- **DATA EXCERPT**
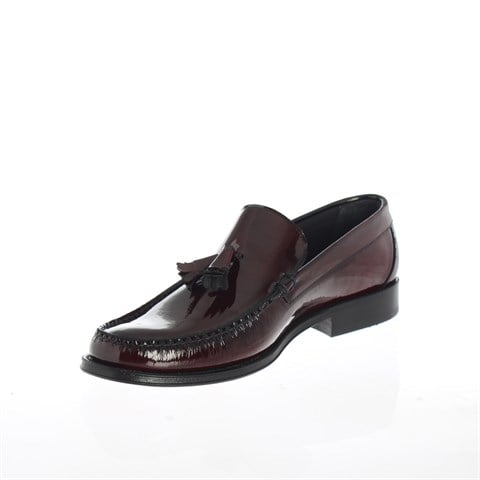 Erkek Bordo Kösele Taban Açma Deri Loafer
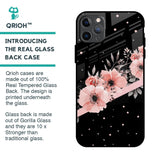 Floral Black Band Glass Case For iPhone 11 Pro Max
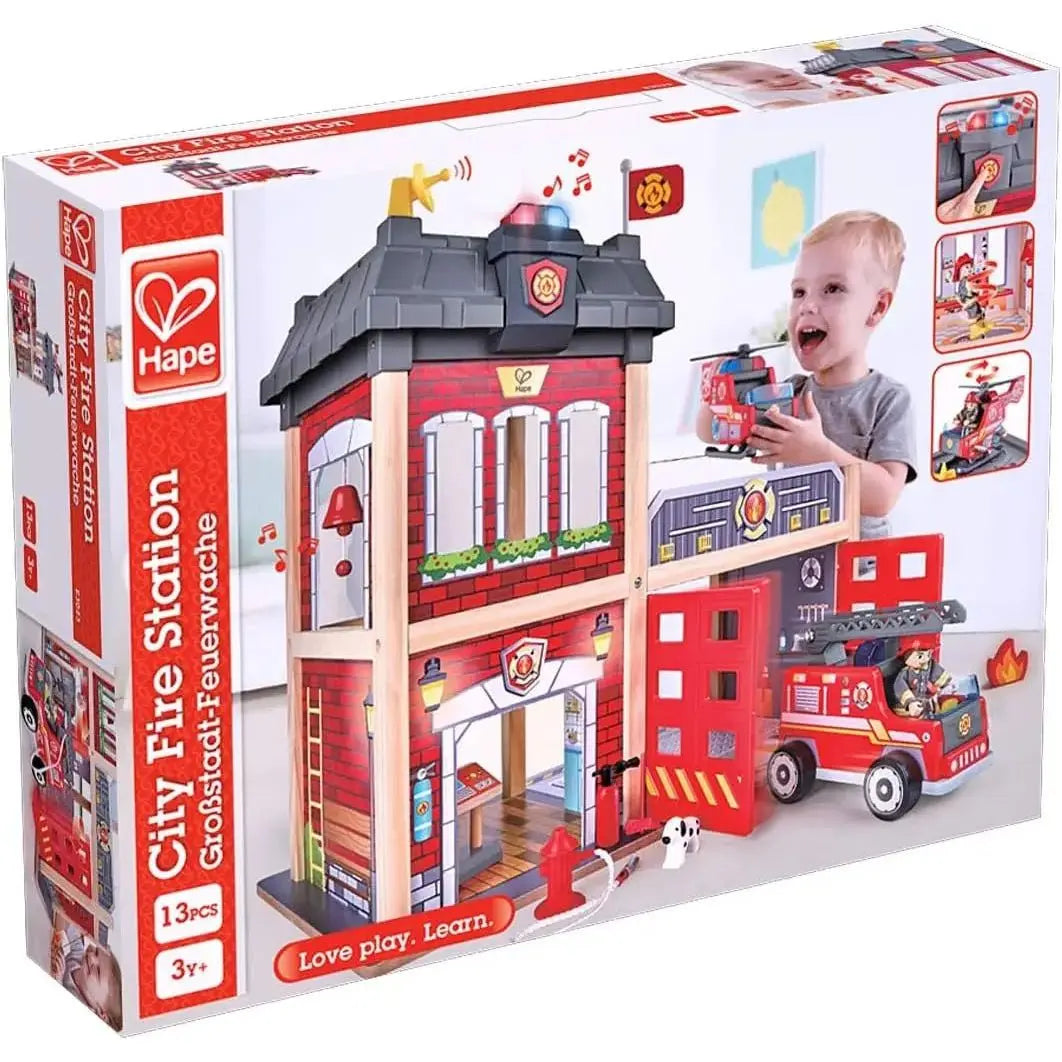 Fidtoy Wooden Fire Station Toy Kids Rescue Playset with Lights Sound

- **ASSIGNMENT**
Output only these lines, word for word: the line containing "Floral Black Band" and every line after it through the last line of the data. Omit the pictures.

- **FINISHED TASK**
 Floral Black Band Glass Case For iPhone 11 Pro Max
 Fidtoy Wooden Fire Station Toy Kids Rescue Playset with Lights Sound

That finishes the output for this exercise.